Desde la actitud más reflexiva del autor que alcanza la etapa conclusiva de
su trabajo, puedo considerar que hubo ciertos excesos al inicio del artículo
en el intento por atraer la atención del lector y probablemente la situación
no sea tan sombría para nuestra disciplina. De hecho, algunas de las patologías
que arrastra la Ciencia Política contemporánea desde su aparición están en la
actualidad siendo superadas gracias al aporte de una nueva generación de cientistas
políticos que se distinguen por una actitud más crítica y más proactiva
en la delimitación de espacios propios para la reflexión política. Pero al margen
de cuál es la capacidad actual de la Ciencia Política para generar categorías
explicativas estables, lo que he intentado poner de manifiesto en este artículo
es la necesidad de reconsiderar el utillaje conceptual, teórico y metodológico
de la disciplina a la luz de los cambios que impulsa la Sociedad de la Información.
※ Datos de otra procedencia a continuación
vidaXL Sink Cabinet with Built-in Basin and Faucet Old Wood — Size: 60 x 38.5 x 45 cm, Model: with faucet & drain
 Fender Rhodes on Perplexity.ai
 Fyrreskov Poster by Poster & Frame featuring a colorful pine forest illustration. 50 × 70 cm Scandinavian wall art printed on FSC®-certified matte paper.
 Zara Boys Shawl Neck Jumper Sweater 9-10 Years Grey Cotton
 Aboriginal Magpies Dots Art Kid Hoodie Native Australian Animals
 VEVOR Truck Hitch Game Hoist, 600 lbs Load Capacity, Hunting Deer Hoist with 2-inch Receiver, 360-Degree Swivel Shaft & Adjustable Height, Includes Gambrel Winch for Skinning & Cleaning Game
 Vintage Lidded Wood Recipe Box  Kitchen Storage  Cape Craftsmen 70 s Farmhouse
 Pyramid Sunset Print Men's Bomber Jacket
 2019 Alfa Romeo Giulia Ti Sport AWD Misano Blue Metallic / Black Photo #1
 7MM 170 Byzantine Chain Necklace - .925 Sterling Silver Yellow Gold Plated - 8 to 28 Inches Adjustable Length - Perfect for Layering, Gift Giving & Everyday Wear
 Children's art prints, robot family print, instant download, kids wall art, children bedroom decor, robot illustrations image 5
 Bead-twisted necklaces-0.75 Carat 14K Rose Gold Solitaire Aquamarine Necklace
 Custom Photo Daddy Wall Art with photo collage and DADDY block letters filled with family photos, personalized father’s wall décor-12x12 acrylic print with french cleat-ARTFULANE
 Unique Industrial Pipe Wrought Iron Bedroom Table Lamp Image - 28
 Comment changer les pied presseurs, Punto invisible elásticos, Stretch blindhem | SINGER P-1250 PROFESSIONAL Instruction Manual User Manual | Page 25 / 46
Hace algunos años, Robert O. Keohane (2001), en su condición de presidente de la American Political Science Association, defendía que
en la actualidad las lentes del cientista político,
más allá de su ámbito de estudio, debían estar mediatizadas por la existencia
de una escenario políticos aceleradamente globalizado y en que todos sus partes
mayores niveles de interdependencia. En los mismos términos, creemos estas nuevas
lentes del cientista política no estarán completas
sino integran como premisa las variables derivadas del nuevo escenario político
que pauta la Sociedad de la Información.